Minha paixão pelo cinema vem da admiração e da revolta —pela vida exibida ali ser tão longe da verdade, tão idealizada, tranquilizante, cheia de happy endings que não existem.

Os filmes que eu via enquanto crescia raramente mostravam o que as pessoas fazem todos os dias. O moralismo católico e cristão, o moralismo da direita e da esquerda dominam os filmes. O cinema é o império da hipocrisia.

Eu sentia uma falta enorme da liberdade. E olha que gostava daqueles romances com Rock Hudson e Doris Day, dos musicais cujos protagonistas eram o homem e a mulher mais bonitos da cidade, que se apaixonavam em cenas que se desenrolavam por 40 minutos.

Na plateia havia 500 pessoas querendo ver o que acontecia depois do beijo. Adolescentes com a natural vontade de conhecer o sexo. E o que ocorria na hora H? O cara estendia a mão para fora da cama e apagava a luz.
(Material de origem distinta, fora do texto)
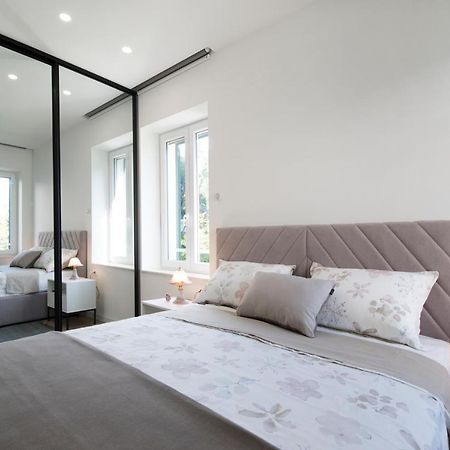 Lalu Apartman Split Kültér fotó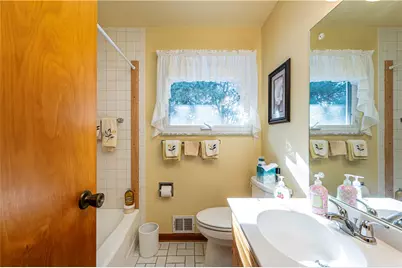 120 Everest Dr, North Huntingdon, PA 15642 - Photo 22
Fade out —fodeu tudo.

O mundo está acostumado demais com artistas domesticados, aqueles que dá para colocar na prateleira do mercadinho. Eu já falava para meu pai, com uns 16 anos, que ia fazer cinema, mas não ia fazer assim.

Para mim, a maior ferramenta do artista é a liberdade. Foi com ela que Michelangelo fez a Capela Sistina, que Leonardo da Vinci criou tantas imagens de homens pelados. Afinal, eles perceberam que o homem nu e a mulher nua são as obras-primas da criação de Deus. Meu Deus não é o do cabresto e da mordaça, é o da liberdade.

O incrível é que o filme de que gosto mais, em que vejo o maior grau de liberdade, foi feito por alguém que nunca foi cineasta. Um homem que nunca fez um longa-metragem, cuja única obra é esse curta de 25 minutos chamado “Un Chant d’Amour” (1950): Jean Genet.

Já tinha visto algo do que vi neste filme na obra de Humberto Mauro —muita simplicidade e sensualidade, enquadramentos geniais, ainda que não sexualidade; em “Limite”, de Mário Peixoto —também muito sensual; em “Monika e o Desejo”, de Ingmar Bergman —de forte intensidade sexual, mesmo sem mostrar nada.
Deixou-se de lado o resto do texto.